Now we discretize space with a finite Fourier expansion, so that $u$ now represents a vector of Fourier coefficients and $L$ turns into matrix (and a diagonal matrix, since Fourier modes are eigenfunctions of the linear operator). Let matrix $A = (I  - \Delta t/2 \; L)$, matrix $B =  (I  + \Delta t/2 \; L)$, and let vector $N^n$ be the Fourier transform of a collocation calculation of $N(u^n)$. That is, $N^n$ is the Fourier transform of $- u u_x = - 1/2 \, d/dx \, u^2$ calculated at $N_x$ uniformly spaced gridpoints on the domain $[0, L_x]$. 
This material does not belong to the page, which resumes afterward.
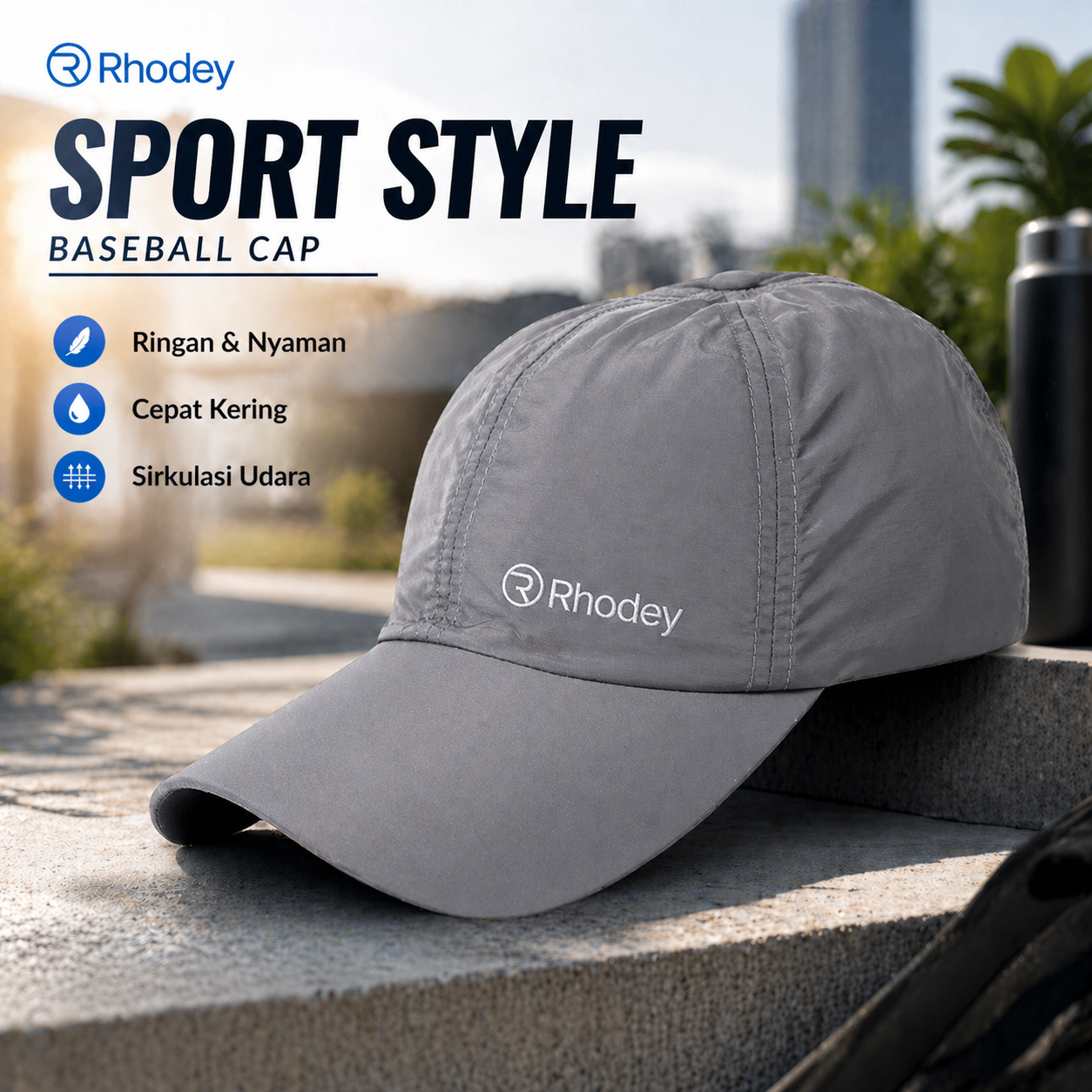 Rhodey Topi Baseball Cap Polos Sport Style - MZ237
With the spatial discretization, then the CNAB2 timestepping formula becomes 

\begin{equation*}
A \, u^{n+1} = B \, u^n + \frac{3 \Delta t}{2} N^n -  \frac{\Delta t}{2}N^{n-1}
\end{equation*}

This is a simple $Ax=b$ linear algebra problem whose iteration approximates the time-evolution of the Kuramoto-Sivashinksy PDE. 

## Benchmark results: execution time versus simulation size

In [1]:
using Plots
gr()
d = readdlm("makeplots/cputime.asc")
Nx = d[:,1]
plot( Nx, d[:,7], label="Python", marker=:circ, color="red")
plot!(Nx, d[:,5], label="Matlab", marker=:circ, color="orange")
#plot!(Nx, d[:,9], label="Julia naive", marker=:circ, color="red")
plot!(Nx, d[:,10], label="Julia", marker=:circ, color="yellow")
#plot!(Nx, d[:,11], label="Julia unrolled", marker=:circ, color="yellow")
plot!(Nx, d[:,3], label="C", marker=:circ, color="lightblue")
plot!(Nx, d[:,4], label="C++", marker=:circ, color="blue")
plot!(Nx, d[:,10], label="", marker=:circ, color="yellow")
plot!(Nx, d[:,2], label="Fortran", marker=:circ, color="purple")
plot!(Nx, d[:,10], label="", marker=:circ, color="yellow")
Nx = Nx[2:end]
plot!(Nx, 1e-05*Nx .* log10.(Nx), label="Nx log Nx", xlabel="Nx", ylabel="cpu time", linestyle=:dash, color="black")
plot!(yscale=:log10, xscale=:log10,xlim=(10,3e05), ylim=(1e-03,1e02))
#plot!(title="KS-CNAB2 benchmarks")
plot!(legend=:topleft)

In [56]:
savefig("ks_cpu_scaling.svg")

Timings for the last datapoint, $N_x = 2^{17} = 131072$. The 1st column is line count of the benchmark code stripped of plotting, comments, and whitespace. The 2nd column shows cputime in seconds, and the 3rd shows cputime normalized so that C = 1. 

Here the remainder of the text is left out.